About this exercise: Please output only the lines running from the one that contains "10713 W Campbell Avenue - Photo 1" through the last line of the data below, exactly as they stand, with no pictures.
◆ ◆ ◆ ◆
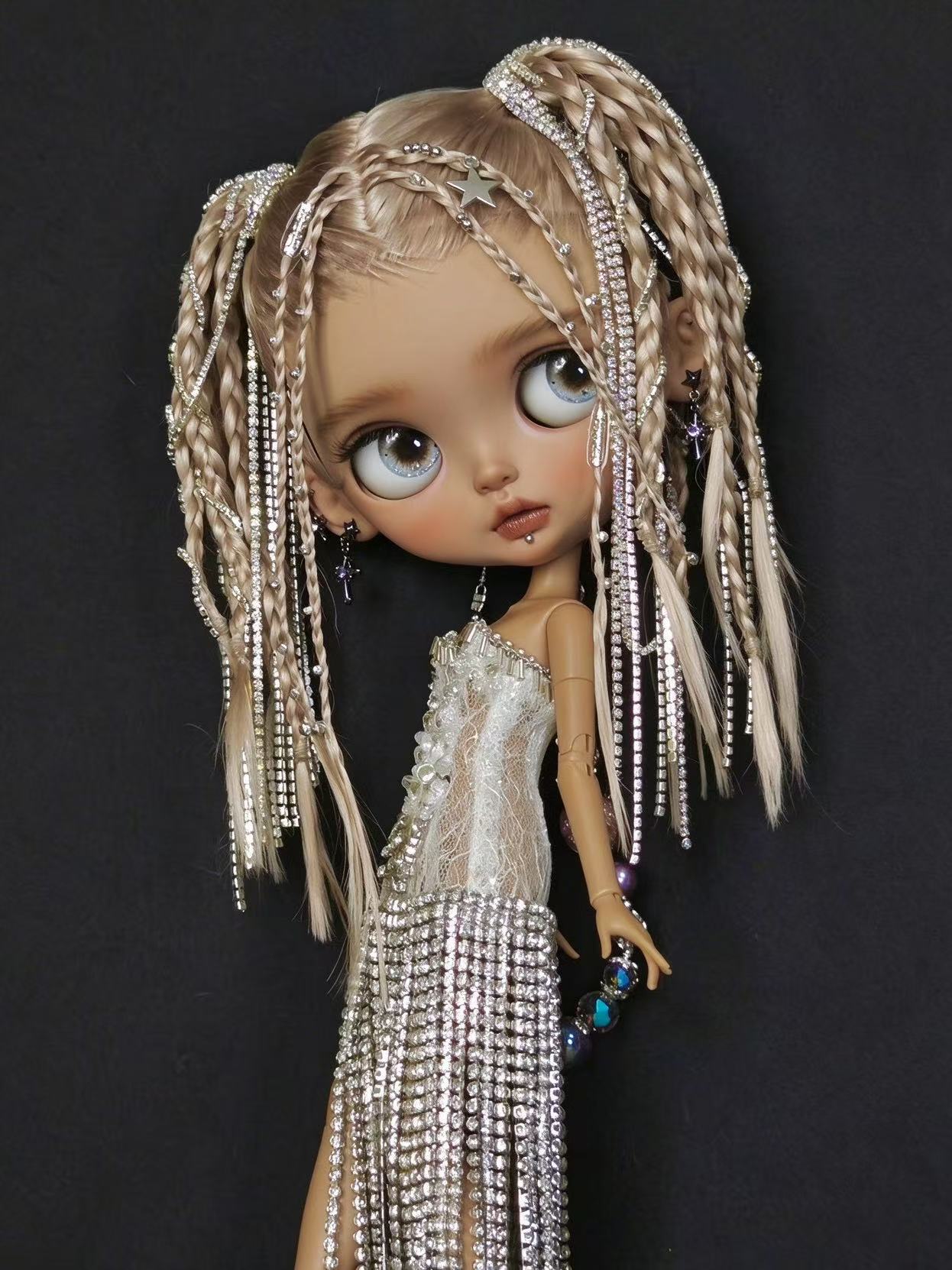 Stella Custom Blythe OOAK - Fancy Tan Doll - ToastDoll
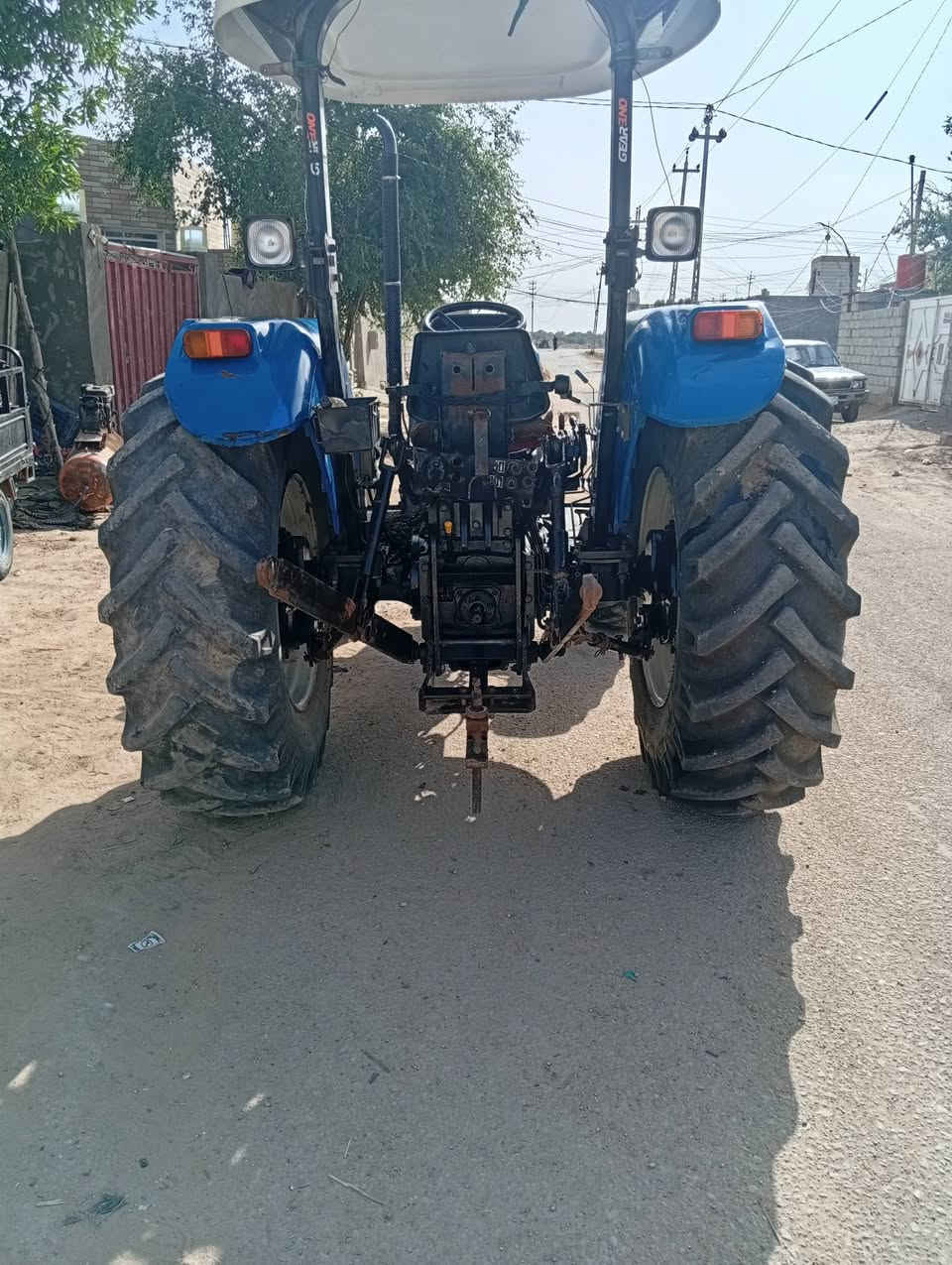 للبيع نيوهولند موديل 13مكينه مكفوله سنويه نكليزي بسمي 
رقم بابل مكاني نجف ناحيه القادسية ***********
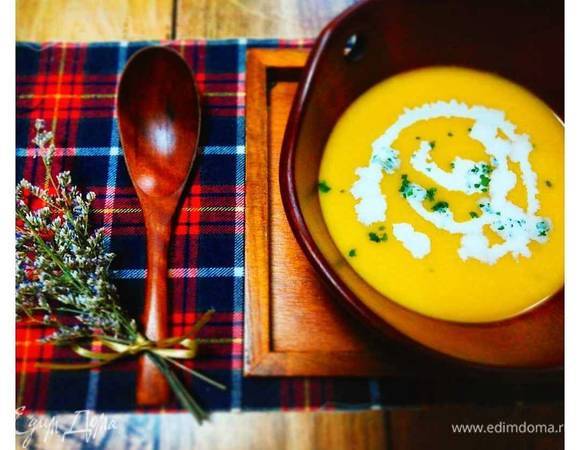 Разливаем полученный суп по тарелочкам, украшаем сметаной. Приятного аппетита!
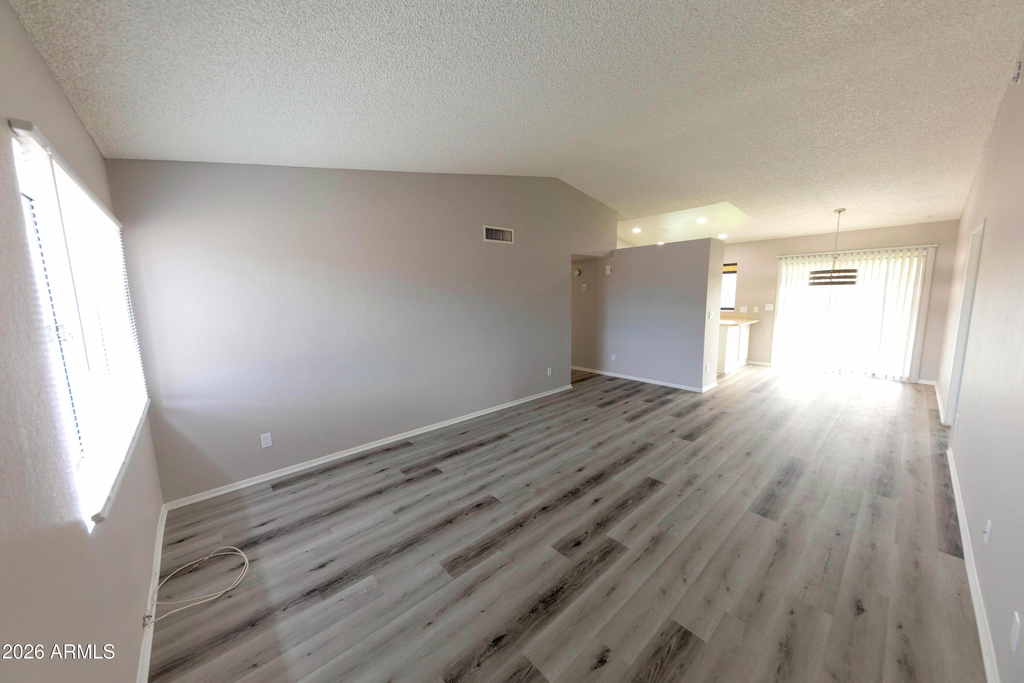 10713 W Campbell Avenue - Photo 1
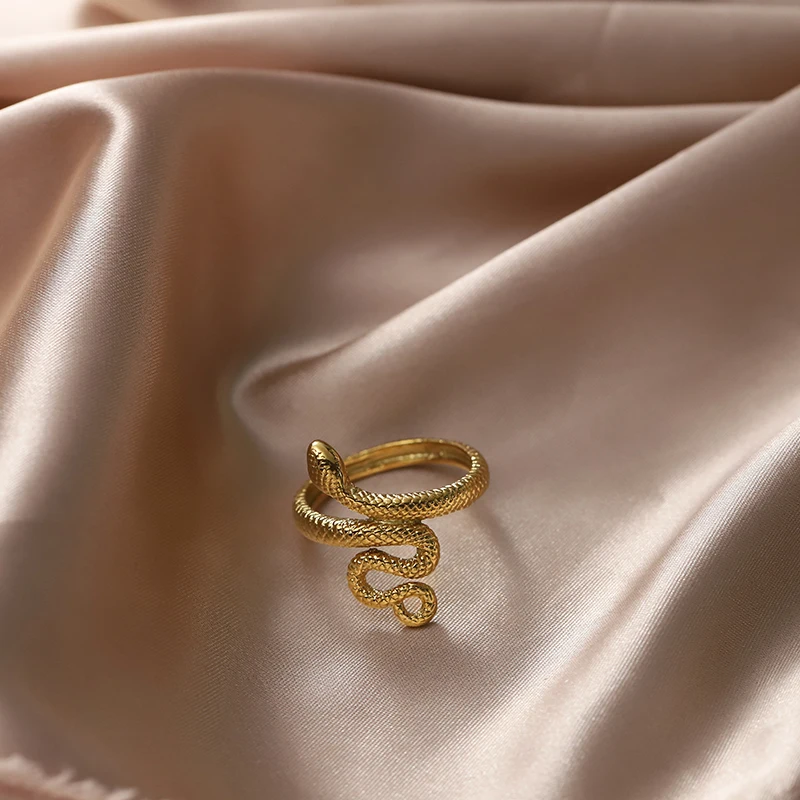 Latest Design Wholesale Fashion Gold Plated Stainless Steel Vintage Punk Snake Ring Women Jewelry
◆ ◆ ◆ ◆
Task output:
 10713 W Campbell Avenue - Photo 1
 Latest Design Wholesale Fashion Gold Plated Stainless Steel Vintage Punk Snake Ring Women Jewelry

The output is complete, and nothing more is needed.